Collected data
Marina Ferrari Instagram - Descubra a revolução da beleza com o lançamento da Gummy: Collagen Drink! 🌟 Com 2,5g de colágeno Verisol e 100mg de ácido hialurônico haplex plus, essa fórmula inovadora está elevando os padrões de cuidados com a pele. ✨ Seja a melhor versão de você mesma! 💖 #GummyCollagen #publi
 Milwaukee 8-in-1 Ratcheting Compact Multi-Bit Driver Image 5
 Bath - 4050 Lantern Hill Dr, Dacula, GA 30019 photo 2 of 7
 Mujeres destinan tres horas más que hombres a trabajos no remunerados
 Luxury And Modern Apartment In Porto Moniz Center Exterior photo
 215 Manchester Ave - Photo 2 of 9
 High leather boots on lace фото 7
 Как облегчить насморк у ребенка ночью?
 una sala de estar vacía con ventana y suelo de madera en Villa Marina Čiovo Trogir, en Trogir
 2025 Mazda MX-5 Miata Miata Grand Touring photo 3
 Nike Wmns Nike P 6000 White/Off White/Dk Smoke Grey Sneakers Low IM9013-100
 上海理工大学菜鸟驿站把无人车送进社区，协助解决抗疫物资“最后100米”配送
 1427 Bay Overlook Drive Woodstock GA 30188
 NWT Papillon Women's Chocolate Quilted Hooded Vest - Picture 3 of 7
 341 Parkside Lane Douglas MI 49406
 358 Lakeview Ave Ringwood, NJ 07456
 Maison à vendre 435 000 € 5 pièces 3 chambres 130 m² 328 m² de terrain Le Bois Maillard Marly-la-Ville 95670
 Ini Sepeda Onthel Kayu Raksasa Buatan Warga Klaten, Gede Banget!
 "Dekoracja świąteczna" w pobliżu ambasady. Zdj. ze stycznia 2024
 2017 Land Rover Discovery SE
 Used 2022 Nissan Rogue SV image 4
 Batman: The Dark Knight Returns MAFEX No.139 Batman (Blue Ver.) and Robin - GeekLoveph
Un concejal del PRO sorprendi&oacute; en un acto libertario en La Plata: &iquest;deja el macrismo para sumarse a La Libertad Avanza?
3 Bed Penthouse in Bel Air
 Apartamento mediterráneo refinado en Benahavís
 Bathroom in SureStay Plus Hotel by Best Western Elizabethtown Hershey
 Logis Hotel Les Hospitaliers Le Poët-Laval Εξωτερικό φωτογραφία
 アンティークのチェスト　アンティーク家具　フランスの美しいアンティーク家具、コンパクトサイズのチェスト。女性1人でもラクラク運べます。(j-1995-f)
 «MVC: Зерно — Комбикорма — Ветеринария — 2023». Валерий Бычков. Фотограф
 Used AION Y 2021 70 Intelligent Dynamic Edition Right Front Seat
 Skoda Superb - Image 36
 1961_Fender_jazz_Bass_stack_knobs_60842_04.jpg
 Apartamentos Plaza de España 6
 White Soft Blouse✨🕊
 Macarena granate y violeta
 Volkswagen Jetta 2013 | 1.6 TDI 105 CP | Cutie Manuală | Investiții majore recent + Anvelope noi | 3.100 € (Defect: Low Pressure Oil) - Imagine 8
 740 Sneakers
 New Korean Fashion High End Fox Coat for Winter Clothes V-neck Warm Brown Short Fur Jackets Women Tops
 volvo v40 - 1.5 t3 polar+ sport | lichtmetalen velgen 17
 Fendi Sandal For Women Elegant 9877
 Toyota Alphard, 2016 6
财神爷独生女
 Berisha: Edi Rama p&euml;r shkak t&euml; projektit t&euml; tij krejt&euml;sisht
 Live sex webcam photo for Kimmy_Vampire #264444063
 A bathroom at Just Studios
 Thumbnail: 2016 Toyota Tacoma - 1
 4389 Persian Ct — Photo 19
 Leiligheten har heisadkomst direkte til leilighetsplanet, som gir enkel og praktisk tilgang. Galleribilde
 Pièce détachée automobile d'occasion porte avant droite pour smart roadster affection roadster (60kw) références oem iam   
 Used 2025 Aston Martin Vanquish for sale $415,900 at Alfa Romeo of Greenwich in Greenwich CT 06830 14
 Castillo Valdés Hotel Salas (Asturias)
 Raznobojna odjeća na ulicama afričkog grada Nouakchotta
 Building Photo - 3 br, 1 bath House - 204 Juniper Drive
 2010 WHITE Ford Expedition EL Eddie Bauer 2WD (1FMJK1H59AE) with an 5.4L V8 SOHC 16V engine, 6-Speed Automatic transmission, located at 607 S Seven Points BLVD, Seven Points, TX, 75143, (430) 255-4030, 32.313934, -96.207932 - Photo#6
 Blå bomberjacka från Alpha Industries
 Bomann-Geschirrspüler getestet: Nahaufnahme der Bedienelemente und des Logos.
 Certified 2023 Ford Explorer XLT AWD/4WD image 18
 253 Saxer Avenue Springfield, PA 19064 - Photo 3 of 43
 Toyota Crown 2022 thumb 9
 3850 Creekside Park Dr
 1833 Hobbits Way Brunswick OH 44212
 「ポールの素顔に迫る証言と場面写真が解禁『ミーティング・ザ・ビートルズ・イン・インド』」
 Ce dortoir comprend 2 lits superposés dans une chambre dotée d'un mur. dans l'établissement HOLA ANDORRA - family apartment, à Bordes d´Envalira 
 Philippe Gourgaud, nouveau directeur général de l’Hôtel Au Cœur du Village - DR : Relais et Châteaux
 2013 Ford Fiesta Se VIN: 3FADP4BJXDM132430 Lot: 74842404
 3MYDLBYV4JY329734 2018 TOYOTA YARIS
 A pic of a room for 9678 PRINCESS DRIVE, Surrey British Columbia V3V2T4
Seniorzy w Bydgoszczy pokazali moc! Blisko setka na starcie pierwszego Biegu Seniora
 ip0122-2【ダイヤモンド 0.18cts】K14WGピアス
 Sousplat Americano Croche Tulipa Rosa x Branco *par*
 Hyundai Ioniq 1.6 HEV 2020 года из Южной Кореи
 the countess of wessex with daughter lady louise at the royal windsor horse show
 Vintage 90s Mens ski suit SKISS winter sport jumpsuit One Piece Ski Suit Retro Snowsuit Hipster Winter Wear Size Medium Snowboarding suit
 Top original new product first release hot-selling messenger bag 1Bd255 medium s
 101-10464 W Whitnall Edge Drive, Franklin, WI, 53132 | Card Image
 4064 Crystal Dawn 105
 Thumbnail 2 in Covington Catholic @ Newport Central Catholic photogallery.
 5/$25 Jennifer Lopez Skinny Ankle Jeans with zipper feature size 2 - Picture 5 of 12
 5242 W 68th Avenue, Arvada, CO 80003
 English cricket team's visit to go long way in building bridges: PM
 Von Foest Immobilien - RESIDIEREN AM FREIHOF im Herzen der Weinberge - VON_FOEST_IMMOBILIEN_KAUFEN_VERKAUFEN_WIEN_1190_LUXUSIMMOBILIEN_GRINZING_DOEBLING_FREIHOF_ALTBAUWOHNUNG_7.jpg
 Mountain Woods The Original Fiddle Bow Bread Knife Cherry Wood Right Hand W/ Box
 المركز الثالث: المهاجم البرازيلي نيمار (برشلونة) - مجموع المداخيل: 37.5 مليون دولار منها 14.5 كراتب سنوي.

_The task_.
Your reply should hold all the entries, each repeated without a single change.

_Result below_.
Marina Ferrari Instagram - Descubra a revolução da beleza com o lançamento da Gummy: Collagen Drink! 🌟 Com 2,5g de colágeno Verisol e 100mg de ácido hialurônico haplex plus, essa fórmula inovadora está elevando os padrões de cuidados com a pele. ✨ Seja a melhor versão de você mesma! 💖 #GummyCollagen #publi
 Milwaukee 8-in-1 Ratcheting Compact Multi-Bit Driver Image 5
 Bath - 4050 Lantern Hill Dr, Dacula, GA 30019 photo 2 of 7
 Mujeres destinan tres horas más que hombres a trabajos no remunerados
 Luxury And Modern Apartment In Porto Moniz Center Exterior photo
 215 Manchester Ave - Photo 2 of 9
 High leather boots on lace фото 7
 Как облегчить насморк у ребенка ночью?
 una sala de estar vacía con ventana y suelo de madera en Villa Marina Čiovo Trogir, en Trogir
 2025 Mazda MX-5 Miata Miata Grand Touring photo 3
 Nike Wmns Nike P 6000 White/Off White/Dk Smoke Grey Sneakers Low IM9013-100
 上海理工大学菜鸟驿站把无人车送进社区，协助解决抗疫物资“最后100米”配送
 1427 Bay Overlook Drive Woodstock GA 30188
 NWT Papillon Women's Chocolate Quilted Hooded Vest - Picture 3 of 7
 341 Parkside Lane Douglas MI 49406
 358 Lakeview Ave Ringwood, NJ 07456
 Maison à vendre 435 000 € 5 pièces 3 chambres 130 m² 328 m² de terrain Le Bois Maillard Marly-la-Ville 95670
 Ini Sepeda Onthel Kayu Raksasa Buatan Warga Klaten, Gede Banget!
 "Dekoracja świąteczna" w pobliżu ambasady. Zdj. ze stycznia 2024
 2017 Land Rover Discovery SE
 Used 2022 Nissan Rogue SV image 4
 Batman: The Dark Knight Returns MAFEX No.139 Batman (Blue Ver.) and Robin - GeekLoveph
Un concejal del PRO sorprendi&oacute; en un acto libertario en La Plata: &iquest;deja el macrismo para sumarse a La Libertad Avanza?
3 Bed Penthouse in Bel Air
 Apartamento mediterráneo refinado en Benahavís
 Bathroom in SureStay Plus Hotel by Best Western Elizabethtown Hershey
 Logis Hotel Les Hospitaliers Le Poët-Laval Εξωτερικό φωτογραφία
 アンティークのチェスト　アンティーク家具　フランスの美しいアンティーク家具、コンパクトサイズのチェスト。女性1人でもラクラク運べます。(j-1995-f)
 «MVC: Зерно — Комбикорма — Ветеринария — 2023». Валерий Бычков. Фотограф
 Used AION Y 2021 70 Intelligent Dynamic Edition Right Front Seat
 Skoda Superb - Image 36
 1961_Fender_jazz_Bass_stack_knobs_60842_04.jpg
 Apartamentos Plaza de España 6
 White Soft Blouse✨🕊
 Macarena granate y violeta
 Volkswagen Jetta 2013 | 1.6 TDI 105 CP | Cutie Manuală | Investiții majore recent + Anvelope noi | 3.100 € (Defect: Low Pressure Oil) - Imagine 8
 740 Sneakers
 New Korean Fashion High End Fox Coat for Winter Clothes V-neck Warm Brown Short Fur Jackets Women Tops
 volvo v40 - 1.5 t3 polar+ sport | lichtmetalen velgen 17
 Fendi Sandal For Women Elegant 9877
 Toyota Alphard, 2016 6
财神爷独生女
 Berisha: Edi Rama p&euml;r shkak t&euml; projektit t&euml; tij krejt&euml;sisht
 Live sex webcam photo for Kimmy_Vampire #264444063
 A bathroom at Just Studios
 Thumbnail: 2016 Toyota Tacoma - 1
 4389 Persian Ct — Photo 19
 Leiligheten har heisadkomst direkte til leilighetsplanet, som gir enkel og praktisk tilgang. Galleribilde
 Pièce détachée automobile d'occasion porte avant droite pour smart roadster affection roadster (60kw) références oem iam   
 Used 2025 Aston Martin Vanquish for sale $415,900 at Alfa Romeo of Greenwich in Greenwich CT 06830 14
 Castillo Valdés Hotel Salas (Asturias)
 Raznobojna odjeća na ulicama afričkog grada Nouakchotta
 Building Photo - 3 br, 1 bath House - 204 Juniper Drive
 2010 WHITE Ford Expedition EL Eddie Bauer 2WD (1FMJK1H59AE) with an 5.4L V8 SOHC 16V engine, 6-Speed Automatic transmission, located at 607 S Seven Points BLVD, Seven Points, TX, 75143, (430) 255-4030, 32.313934, -96.207932 - Photo#6
 Blå bomberjacka från Alpha Industries
 Bomann-Geschirrspüler getestet: Nahaufnahme der Bedienelemente und des Logos.
 Certified 2023 Ford Explorer XLT AWD/4WD image 18
 253 Saxer Avenue Springfield, PA 19064 - Photo 3 of 43
 Toyota Crown 2022 thumb 9
 3850 Creekside Park Dr
 1833 Hobbits Way Brunswick OH 44212
 「ポールの素顔に迫る証言と場面写真が解禁『ミーティング・ザ・ビートルズ・イン・インド』」
 Ce dortoir comprend 2 lits superposés dans une chambre dotée d'un mur. dans l'établissement HOLA ANDORRA - family apartment, à Bordes d´Envalira 
 Philippe Gourgaud, nouveau directeur général de l’Hôtel Au Cœur du Village - DR : Relais et Châteaux
 2013 Ford Fiesta Se VIN: 3FADP4BJXDM132430 Lot: 74842404
 3MYDLBYV4JY329734 2018 TOYOTA YARIS
 A pic of a room for 9678 PRINCESS DRIVE, Surrey British Columbia V3V2T4
Seniorzy w Bydgoszczy pokazali moc! Blisko setka na starcie pierwszego Biegu Seniora
 ip0122-2【ダイヤモンド 0.18cts】K14WGピアス
 Sousplat Americano Croche Tulipa Rosa x Branco *par*
 Hyundai Ioniq 1.6 HEV 2020 года из Южной Кореи
 the countess of wessex with daughter lady louise at the royal windsor horse show
 Vintage 90s Mens ski suit SKISS winter sport jumpsuit One Piece Ski Suit Retro Snowsuit Hipster Winter Wear Size Medium Snowboarding suit
 Top original new product first release hot-selling messenger bag 1Bd255 medium s
 101-10464 W Whitnall Edge Drive, Franklin, WI, 53132 | Card Image
 4064 Crystal Dawn 105
 Thumbnail 2 in Covington Catholic @ Newport Central Catholic photogallery.
 5/$25 Jennifer Lopez Skinny Ankle Jeans with zipper feature size 2 - Picture 5 of 12
 5242 W 68th Avenue, Arvada, CO 80003
 English cricket team's visit to go long way in building bridges: PM
 Von Foest Immobilien - RESIDIEREN AM FREIHOF im Herzen der Weinberge - VON_FOEST_IMMOBILIEN_KAUFEN_VERKAUFEN_WIEN_1190_LUXUSIMMOBILIEN_GRINZING_DOEBLING_FREIHOF_ALTBAUWOHNUNG_7.jpg
 Mountain Woods The Original Fiddle Bow Bread Knife Cherry Wood Right Hand W/ Box
 المركز الثالث: المهاجم البرازيلي نيمار (برشلونة) - مجموع المداخيل: 37.5 مليون دولار منها 14.5 كراتب سنوي.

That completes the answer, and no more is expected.